Minggu, 5 Oktober 2025

Pilpres 2019

Ketika Deddy Mizwar Bacakan Puisi Sutan Takdir Alisjahbana 'Selalu Hidup'

"Saya akan membacakan puisi tahun 1937. Saya kira belum ada yang lahir kita disini," kata Deddy Mizwar.

Tribunnews.com/ Fransiskus Adhiyuda
Deddy Mizwar saat membacakan puisi karya Sutan Takdir Alisjahbana di auditorium Pusat Perfilman H Usmar Ismail, Kuningan, Jakarta Selatan, Rabu (17/10/2018) malam. 

Laporan Wartawan Tribunnews.com, Fransiskus Adhiyuda

TRIBUNNEWS.COM, JAKARTA - Suara Deddy Mizwar terdengar lantang saat dirinya mulai membacakan puisi karya Sutan Takdir Alisjahbana di auditorium Pusat Perfilman H Usmar Ismail, Kuningan, Jakarta Selatan, Rabu (17/10/2018) malam.

Deddy yang tampak mengenakan kemeja putih lengkap dengan setelah jas hitam berdiri di atas panggung auditorium Pusat Perfilman H Usmar Ismail.

Tangan kirinya terlihat menggenggam selembar kertas putih.

Baca: KPK Sebut Suap Meikarta Terkait Pengurusan IMB

Tangan lainnya merapihkan posisi microphone.

Tanpa terlihat tegang, ia mengucapkan pengantar sebelum membacakan puisi milik Sutan Takdir Alisjahbana yang dibuat tahun 1937.

"Saya akan membacakan puisi tahun 1937. Saya kira belum ada yang lahir kita disini," kata Deddy Mizwar.

Ia lalu menyebut, meski pencipta puisi ini sudah meninggal pada tahun 1994, tapi karyanya selalu menumbuhkan semangat.

Baca: Bastian Steel Kerja Sama dengan Produsernya Wiz Khalifa

"Dia sudah meninggal, tapi karyanya ini diberi judul selalu hidup.

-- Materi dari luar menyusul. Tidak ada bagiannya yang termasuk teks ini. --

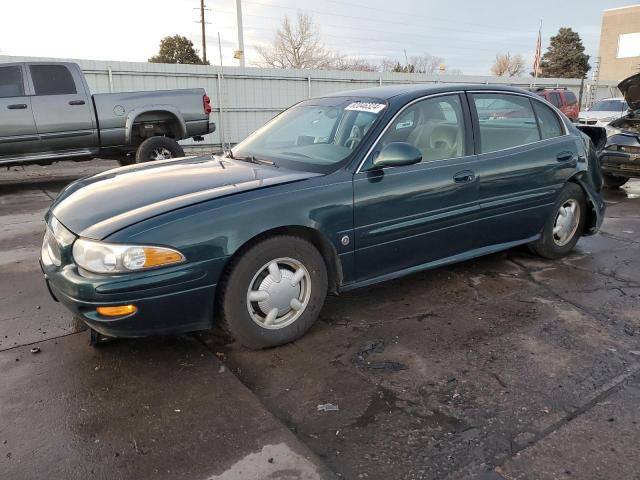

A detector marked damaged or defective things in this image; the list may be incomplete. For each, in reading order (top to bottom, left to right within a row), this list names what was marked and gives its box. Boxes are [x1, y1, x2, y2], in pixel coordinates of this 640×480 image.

cracked asphalt [1, 162, 640, 480]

Kita butuh energi untuk bangkit. Sultan Thakdir Alisabana 'Selalu Hidup'," katanya.

Deddy kemudian membacakan puisi Sultan Thakdir Alisabana berjudul 'Selalu Hidup' dengan penuh semangat.

Nada suaranya tampak seperi pembaca puisi handal. Ia menyerapi semua kata-kata yang tertuang di dalam puisi itu.

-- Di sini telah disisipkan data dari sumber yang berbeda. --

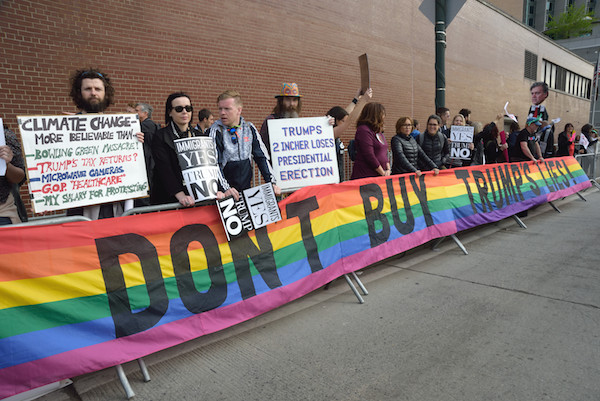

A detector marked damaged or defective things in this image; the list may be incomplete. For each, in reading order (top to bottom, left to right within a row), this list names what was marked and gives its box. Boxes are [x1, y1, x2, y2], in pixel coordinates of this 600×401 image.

pavement crack [398, 268, 600, 310]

"Sutan Takdir Alisjahbana, 'Selalu Hidup'"

Dan ketika aku melihat dari kebunku kebawah
ke sawah tunggul jerami di tanah yang rekah,
dan dari sana memandang ke bukit kering merana,
terus ke hutan hijau dibaliknya,
sampai ke gunung yang permai bersandar di langit biru,
maka masuklah bisikan kedalam hatiku:
Hidup ialah maju bergerak,
selalu, selalu maju bergerak,
gembira berjuang dari tingkat yang satu ke tingkat yang lain.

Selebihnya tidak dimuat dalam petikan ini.